Mi passò davanti agli occhi un altro velocissimo flash. Questa volta eravamo a Martha’s Vineyard, sulla spiaggia, Monica portava quel costume marrone chiaro e mi rivolgeva uno dei suoi sorrisi affilati come un rasoio mentre i capelli neri le schiaffeggiavano il volto. Battei le palpebre per allontanare quell’immagine. «E Tara?»

«Sua figlia…» cominciò Regan, schiarendosi in fretta la voce. Riportò lo sguardo sul taccuino, ma non credo che avesse intenzione di prendere appunti. «Era a casa quella mattina, vero? Voglio dire, all’ora dell’incidente?»

«Sì, certo. Dov’è?»

Regan richiuse di scatto il taccuino. «Quando siamo arrivati non c’era.»

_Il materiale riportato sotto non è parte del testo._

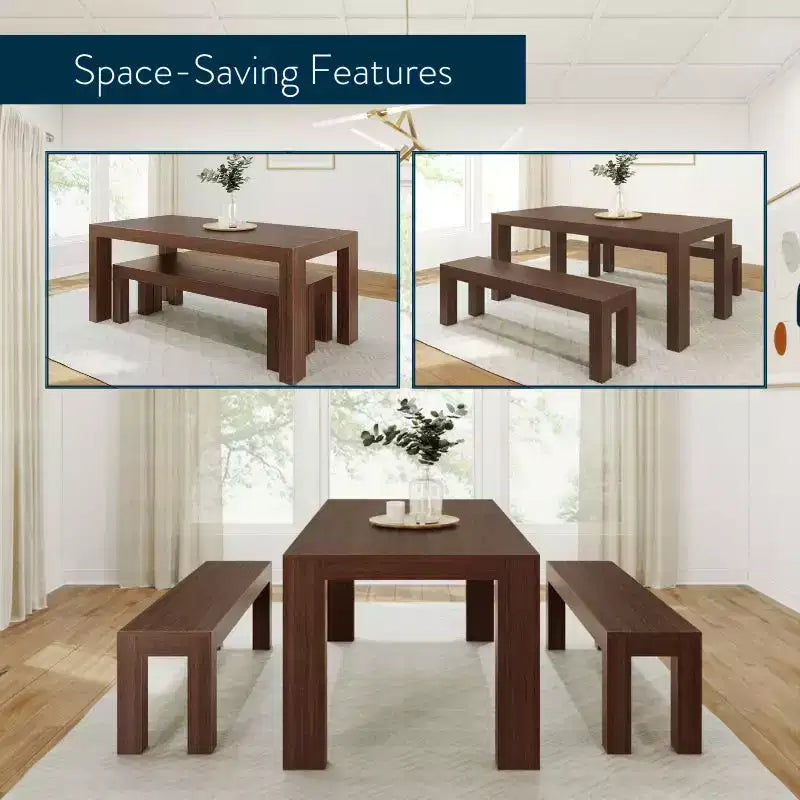 Table à manger en bois massif avec bancs, 6 places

I miei polmoni si fecero di pietra. «Non capisco.»

«All’inizio abbiamo sperato che fosse stata affidata a un parente o a degli amici. Una baby-sitter, magari, ma…» La voce gli si spense.

«Mi sta dicendo che non sapete dove si trova Tara?»

Questa volta nella sua voce non c’era la minima esitazione. «Proprio così.»

Fu come se la mano di un gigante mi premesse sul petto. Strinsi le palpebre e ricaddi all’indietro. «Da quando?»